◆ THE TASK
From the entries below, reproduce exactly the line containing "Partial Engine", the line containing "7412 Beckley Street, Port", and every line in between, with nothing added.

Records from a collection
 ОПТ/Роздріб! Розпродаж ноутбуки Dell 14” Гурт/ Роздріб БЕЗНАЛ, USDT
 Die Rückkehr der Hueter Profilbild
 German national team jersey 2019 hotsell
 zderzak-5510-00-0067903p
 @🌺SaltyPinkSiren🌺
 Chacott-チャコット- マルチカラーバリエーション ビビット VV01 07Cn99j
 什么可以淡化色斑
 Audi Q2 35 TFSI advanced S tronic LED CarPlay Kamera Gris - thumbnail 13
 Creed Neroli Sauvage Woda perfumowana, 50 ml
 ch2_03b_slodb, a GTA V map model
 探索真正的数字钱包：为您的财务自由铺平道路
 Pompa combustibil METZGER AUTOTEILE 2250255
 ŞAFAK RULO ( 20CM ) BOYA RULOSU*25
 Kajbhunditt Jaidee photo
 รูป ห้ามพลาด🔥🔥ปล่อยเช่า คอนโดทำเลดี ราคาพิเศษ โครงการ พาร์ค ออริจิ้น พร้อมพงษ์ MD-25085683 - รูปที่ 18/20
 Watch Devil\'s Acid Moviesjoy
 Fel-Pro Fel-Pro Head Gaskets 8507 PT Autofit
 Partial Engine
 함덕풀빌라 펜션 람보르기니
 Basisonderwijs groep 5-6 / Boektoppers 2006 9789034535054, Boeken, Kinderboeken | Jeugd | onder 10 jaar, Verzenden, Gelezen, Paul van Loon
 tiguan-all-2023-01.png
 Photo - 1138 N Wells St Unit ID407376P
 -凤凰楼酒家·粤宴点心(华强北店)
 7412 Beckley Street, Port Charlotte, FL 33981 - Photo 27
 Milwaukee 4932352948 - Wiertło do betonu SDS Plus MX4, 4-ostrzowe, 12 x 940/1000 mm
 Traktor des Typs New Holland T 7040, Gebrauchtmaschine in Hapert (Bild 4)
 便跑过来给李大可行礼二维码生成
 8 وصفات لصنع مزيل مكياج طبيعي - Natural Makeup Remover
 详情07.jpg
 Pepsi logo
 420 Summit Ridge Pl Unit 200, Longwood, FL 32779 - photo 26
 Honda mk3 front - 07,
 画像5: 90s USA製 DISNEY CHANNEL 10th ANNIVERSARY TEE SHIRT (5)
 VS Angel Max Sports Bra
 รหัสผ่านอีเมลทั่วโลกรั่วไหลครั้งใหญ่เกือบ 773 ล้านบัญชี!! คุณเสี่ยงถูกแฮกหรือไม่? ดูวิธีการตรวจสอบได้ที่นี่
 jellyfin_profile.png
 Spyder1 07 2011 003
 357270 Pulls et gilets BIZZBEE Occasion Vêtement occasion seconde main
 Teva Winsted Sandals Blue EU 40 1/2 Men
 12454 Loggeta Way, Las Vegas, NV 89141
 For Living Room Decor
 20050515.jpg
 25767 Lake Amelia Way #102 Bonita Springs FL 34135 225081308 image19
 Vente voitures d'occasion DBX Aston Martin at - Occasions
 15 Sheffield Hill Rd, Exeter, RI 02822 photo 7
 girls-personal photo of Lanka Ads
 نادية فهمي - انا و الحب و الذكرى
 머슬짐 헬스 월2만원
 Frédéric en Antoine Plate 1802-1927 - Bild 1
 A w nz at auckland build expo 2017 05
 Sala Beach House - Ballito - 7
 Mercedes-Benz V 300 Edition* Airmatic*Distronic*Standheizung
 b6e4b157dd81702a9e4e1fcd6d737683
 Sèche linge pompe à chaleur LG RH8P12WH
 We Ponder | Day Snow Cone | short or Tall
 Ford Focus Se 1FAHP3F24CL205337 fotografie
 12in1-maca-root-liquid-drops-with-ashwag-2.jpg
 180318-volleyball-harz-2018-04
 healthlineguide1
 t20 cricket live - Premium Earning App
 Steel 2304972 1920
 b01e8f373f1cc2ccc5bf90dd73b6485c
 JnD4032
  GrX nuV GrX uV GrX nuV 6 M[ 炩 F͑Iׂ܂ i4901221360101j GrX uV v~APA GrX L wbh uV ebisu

◆ RESULT FOR THIS TASK
 Partial Engine
 함덕풀빌라 펜션 람보르기니
 Basisonderwijs groep 5-6 / Boektoppers 2006 9789034535054, Boeken, Kinderboeken | Jeugd | onder 10 jaar, Verzenden, Gelezen, Paul van Loon
 tiguan-all-2023-01.png
 Photo - 1138 N Wells St Unit ID407376P
 -凤凰楼酒家·粤宴点心(华强北店)
 7412 Beckley Street, Port Charlotte, FL 33981 - Photo 27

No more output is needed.